* About this task
Retrieve all lines below that have the string "Storage".

* Dataset content
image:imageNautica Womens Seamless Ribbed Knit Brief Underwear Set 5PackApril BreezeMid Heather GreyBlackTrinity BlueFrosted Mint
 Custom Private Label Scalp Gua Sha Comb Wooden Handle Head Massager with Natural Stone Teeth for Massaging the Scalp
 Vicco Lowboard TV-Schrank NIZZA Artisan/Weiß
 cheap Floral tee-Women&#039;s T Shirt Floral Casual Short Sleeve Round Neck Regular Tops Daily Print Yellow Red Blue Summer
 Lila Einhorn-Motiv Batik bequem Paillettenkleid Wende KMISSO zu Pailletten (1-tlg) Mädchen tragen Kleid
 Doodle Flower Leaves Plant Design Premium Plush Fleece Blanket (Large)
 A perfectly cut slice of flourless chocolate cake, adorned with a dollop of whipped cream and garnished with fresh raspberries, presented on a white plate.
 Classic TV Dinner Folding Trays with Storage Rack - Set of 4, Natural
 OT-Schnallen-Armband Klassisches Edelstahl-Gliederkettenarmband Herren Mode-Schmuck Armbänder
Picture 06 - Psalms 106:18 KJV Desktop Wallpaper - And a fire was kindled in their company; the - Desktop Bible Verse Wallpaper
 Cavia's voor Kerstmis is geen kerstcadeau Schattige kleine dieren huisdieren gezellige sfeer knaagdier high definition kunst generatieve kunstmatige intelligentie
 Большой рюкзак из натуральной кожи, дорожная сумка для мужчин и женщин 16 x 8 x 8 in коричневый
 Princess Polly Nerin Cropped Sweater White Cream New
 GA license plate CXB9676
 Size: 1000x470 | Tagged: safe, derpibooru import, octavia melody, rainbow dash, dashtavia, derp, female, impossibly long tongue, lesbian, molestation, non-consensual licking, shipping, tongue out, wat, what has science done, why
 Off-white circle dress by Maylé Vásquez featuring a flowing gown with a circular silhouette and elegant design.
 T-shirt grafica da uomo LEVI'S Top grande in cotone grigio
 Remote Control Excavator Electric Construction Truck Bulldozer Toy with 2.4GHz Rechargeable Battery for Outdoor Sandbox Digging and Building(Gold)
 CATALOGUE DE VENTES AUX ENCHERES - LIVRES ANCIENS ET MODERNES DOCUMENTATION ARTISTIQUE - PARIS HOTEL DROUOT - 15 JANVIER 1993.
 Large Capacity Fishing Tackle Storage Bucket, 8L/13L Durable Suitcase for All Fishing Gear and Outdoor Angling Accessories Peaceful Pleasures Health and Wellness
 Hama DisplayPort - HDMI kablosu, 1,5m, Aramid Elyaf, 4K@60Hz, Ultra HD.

* Output
 Classic TV Dinner Folding Trays with Storage Rack - Set of 4, Natural
 Large Capacity Fishing Tackle Storage Bucket, 8L/13L Durable Suitcase for All Fishing Gear and Outdoor Angling Accessories Peaceful Pleasures Health and Wellness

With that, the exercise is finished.